↓

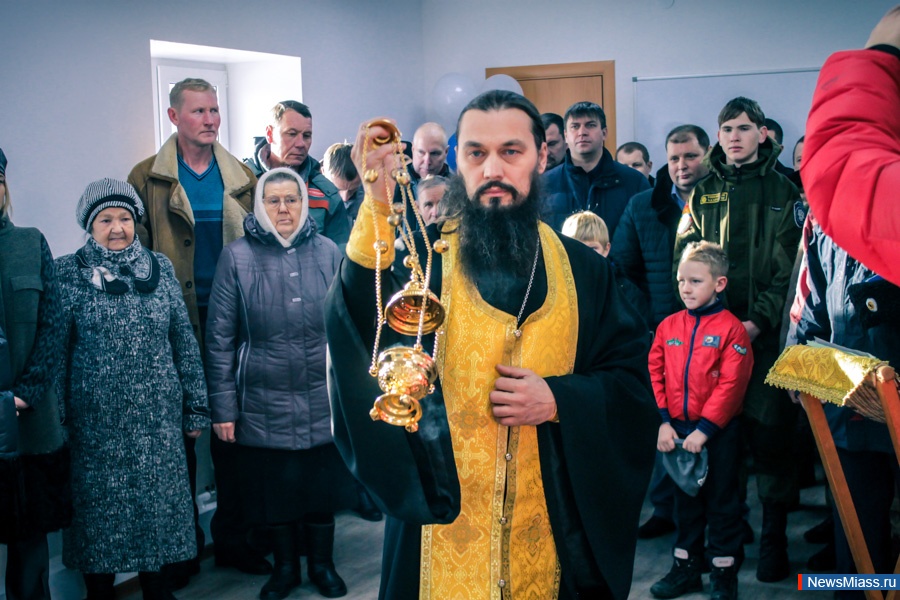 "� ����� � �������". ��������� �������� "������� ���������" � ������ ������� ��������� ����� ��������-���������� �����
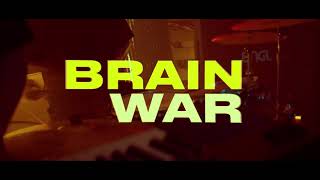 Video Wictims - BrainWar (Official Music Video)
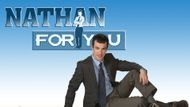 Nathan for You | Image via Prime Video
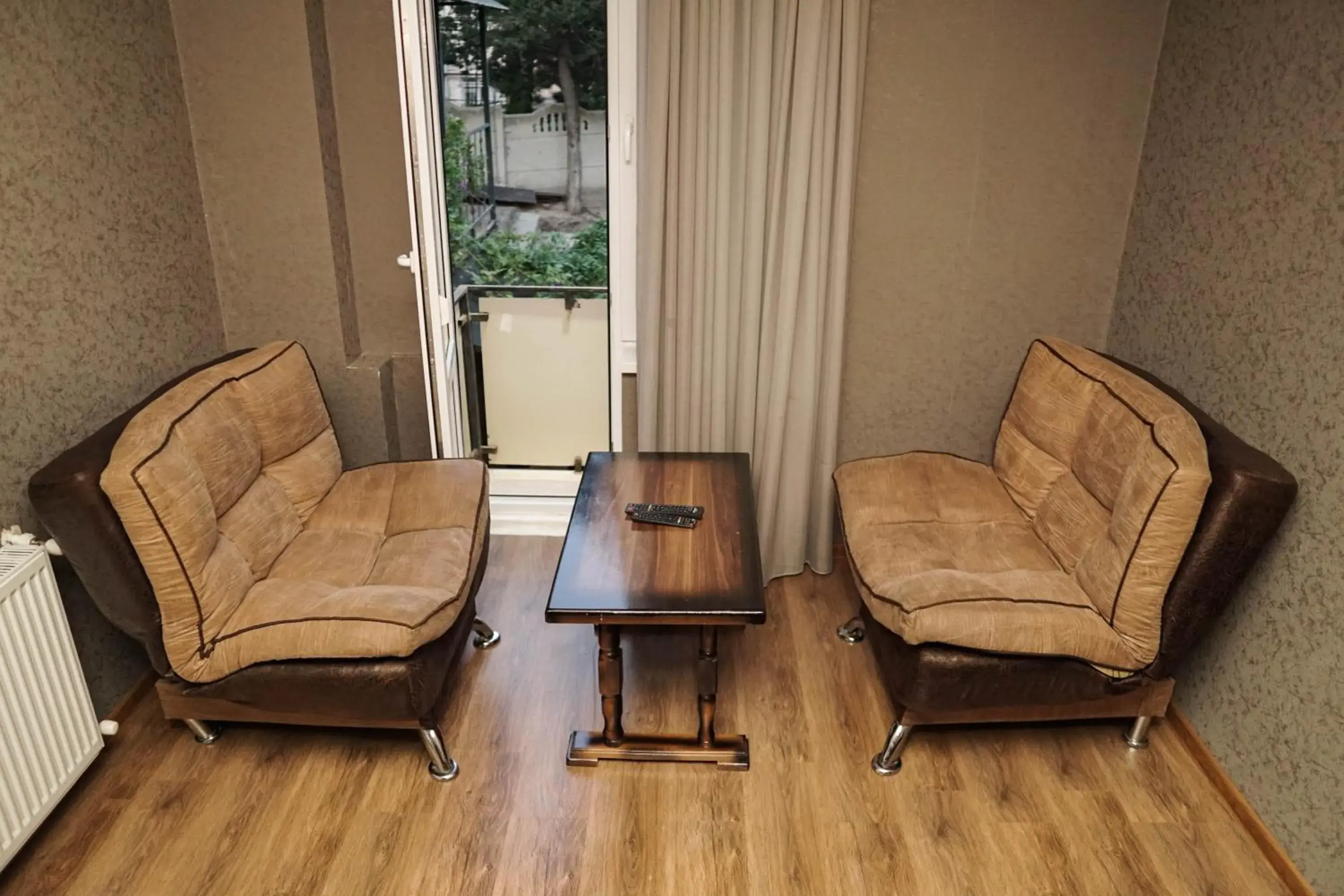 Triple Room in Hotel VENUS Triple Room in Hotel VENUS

↑

• **ABOUT THIS TASK**:
Your answer must be an exact copy of the listing, with every picture omitted.

• **RESPONSE AREA**:
 "� ����� � �������". ��������� �������� "������� ���������" � ������ ������� ��������� ����� ��������-���������� �����
 Video Wictims - BrainWar (Official Music Video)
 Nathan for You | Image via Prime Video
 Triple Room in Hotel VENUS Triple Room in Hotel VENUS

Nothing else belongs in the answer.